10 years an NHS change agent: Learning #2 – Purpose and the importance of Why?

Ian Railton

Ian Railton

Ian Railton is leaving the NHS after 10 years as a change agent. In his eight-part blog series, Ian gives an overview of his key learning during this time. This installment focuses on purpose and the importance of ‘Why’.

Ours not to reason why, Ours but to do and die.  Tennyson’s tweaked quote from The Charge of the Light Brigade sets out the perceived duty of soldiers in the 19th Century; to follow orders, even if that results in their death. However, in my near 20 years in the Army I never once met a soldier for whom the why was not critically important, especially if the lives of themselves or others was at risk. I cannot imagine it was ever any different, in any walk of life.

I’ve been told “Ours not to reason why” a couple of times in the NHS. I think it is code for “we both know this doesn’t make sense, but I’ll do it, just for you”.  It seems despite my best act, it’s all too easy to spot my true feelings when I don’t personally buy into something. People don’t buy from people they don’t trust, so before you try to sell a cause, be sure it’s a cause you truly believe in – if not, you’ll quickly be found out. It’s also worth reiterating that I’ve only been told this a couple of times – people will only give you the benefit of the doubt once or twice.

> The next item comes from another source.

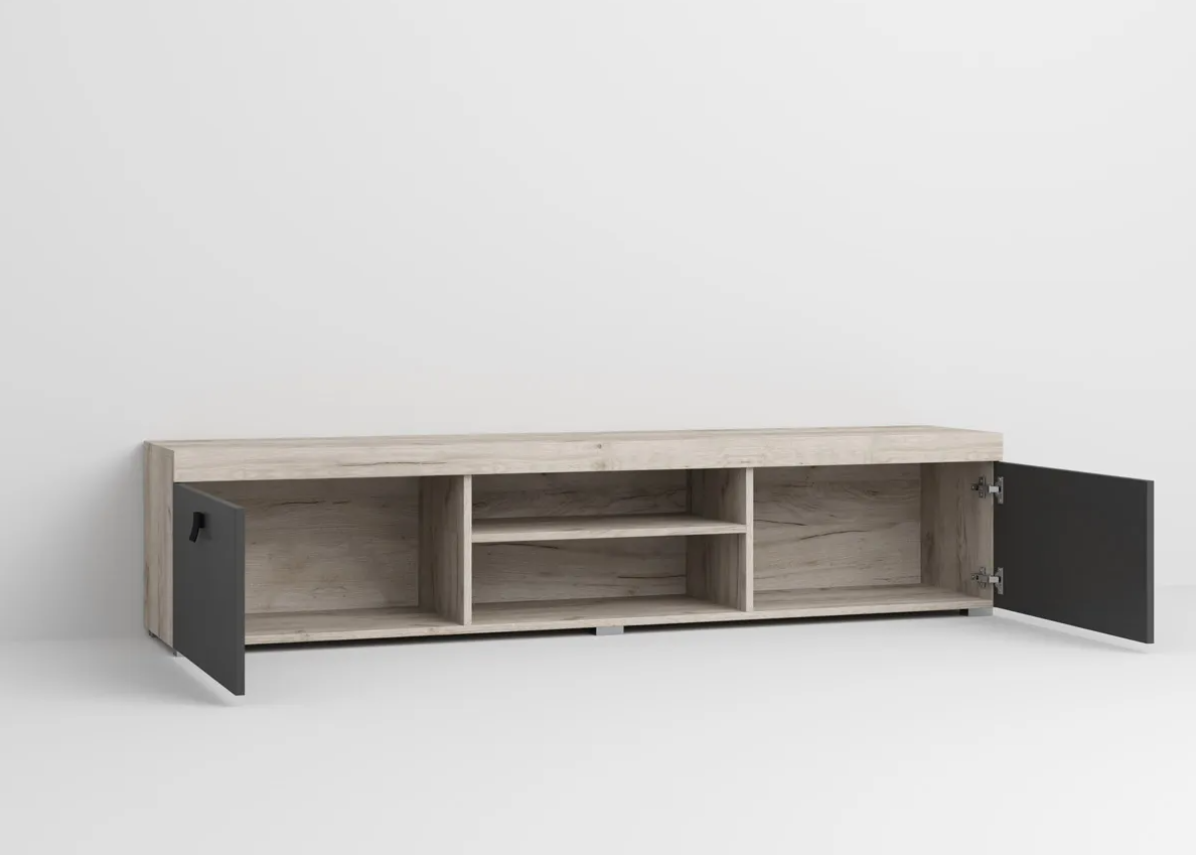 Comoda TV Gri-Stejar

If you are to remain credible, you simply cannot keep sending a message that ‘Y’ is what is really important, if you continue to ask people to do ‘X’.

I find it really exciting to have a cause I truly believe in and my natural tendency is to want to share that with others and find like-minded people. I guess it must be everyone’s natural tendency – you can see it play out in the local on a Friday night, on social media, in conversations at the bus stop. People just want to talk about it and the more nods they get, the more enthused they become. So what happens when we get to work? Is the raw emotion, passion, honesty and animation suddenly switched off as we light up our PCs, fire emails and nurture sterile plans, papers and reports?

If we want to find people that share the cause, we need to strip it right back to basics – tell our heartfelt story of why this is important and what the future looks like through our eyes. I am sure people can be taught how to do this, but my own belief is that if you truly believe in what you are doing then it will come naturally. How amazing and inspiring are people when they just take to the stage and tell their personal story? They always outperform the stage-managed manikin.

Once I’ve found people that connect with the cause, it only matters that together we want to achieve something – it has to be our cause, not my cause. It’s hard for us control-freaks, but as more and more people join the movement, they need space to tell their own stories, to influence others and shape our shared future together – everyone has to have their fingerprints on it.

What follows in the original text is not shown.